Expert – With careful planning, think about it, if you’re the first to move in, you can safely have sex in every room in the house without being disturbed and then spend the rest of the year feeling smug while your flatmates are none the wiser.
When you want to actively cock block:
If this section applies to you, you’re probably either bitterly single, totally over the soundtrack of sex or have a very warped sense of humour.
Basic – Put on a cheesy playlist, creepy movie, or (my boyfriend’s suggestion,) videos of animals having sex. Any of the above are likely to dampen the mood and put the offending couple off their game.
Basic – Have sex loudly right back at them. Or just pretend to if you don’t fancy a weird competition.
Intermediate – Order a takeaway in their name so they have to get up and answer the door halfway through. This, however, requires impeccable timing and may cost if they then eat said food.
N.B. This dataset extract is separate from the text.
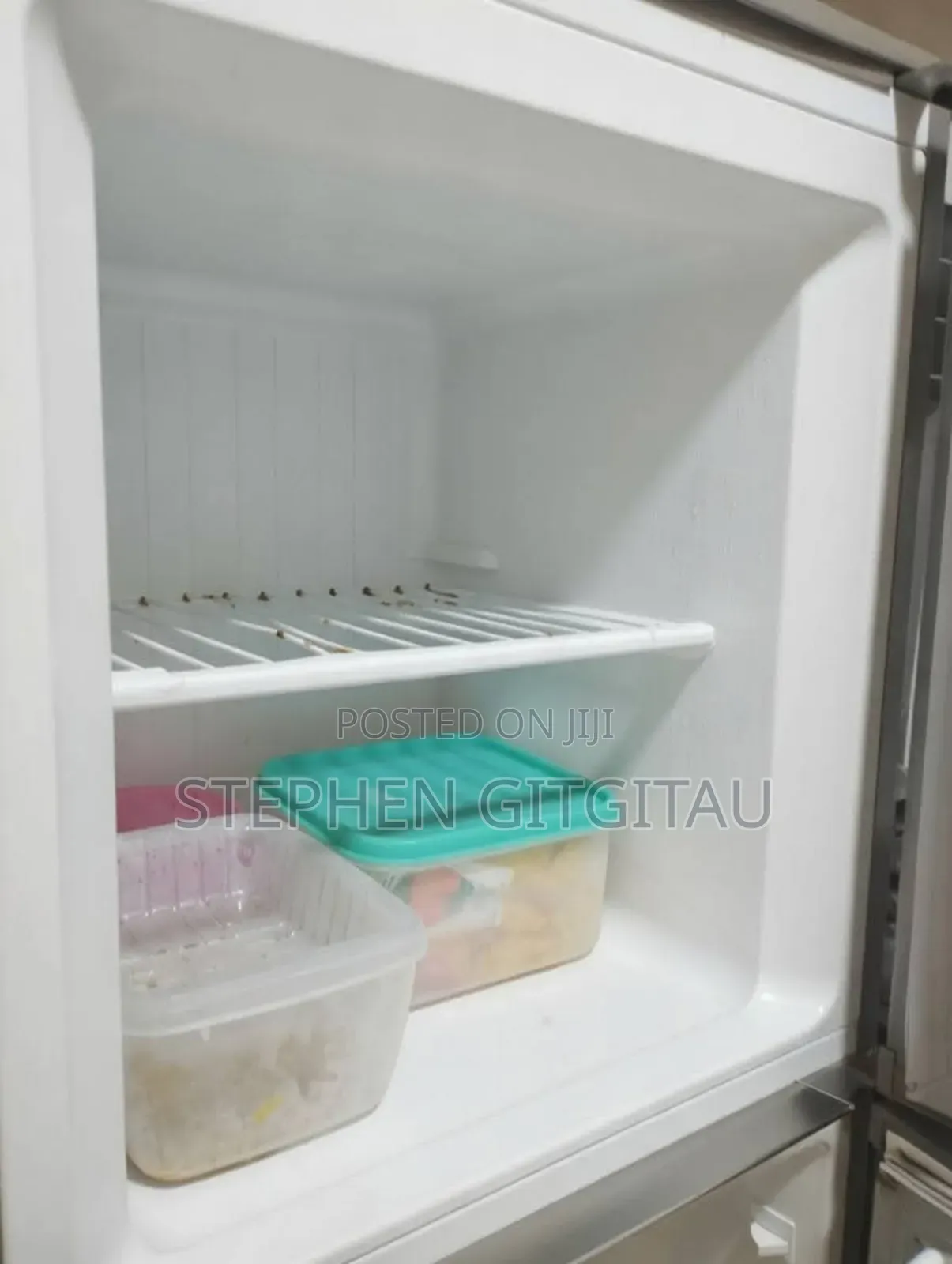 Roch Refrigerator Used as New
Depends if you’re willing to pay to not hear them.
Intermediate – Have a flat pet? It is now your furry trump card. Simply unleash your weapon of mass disruption into the room with the unsuspecting couple and hope it’s cute/bouncy/drooly enough to halt any intimate relations.
Expert – Open the front door with a very loud ‘Oh hello [flatmate’s] mum, we weren’t expecting you today! Oh yes, they’re just in their room, let me get them for you…’
Expert – My personal favourite: go full David Attenborough. Think blow by blow (sorry) nature documentary through the door very loudly. Even better if you can get other flatmates involved too. Sporting commentary may be equally as effective. Either way, the poor couple should be embarrassed enough to stop and may think twice about doing it again when other people are home.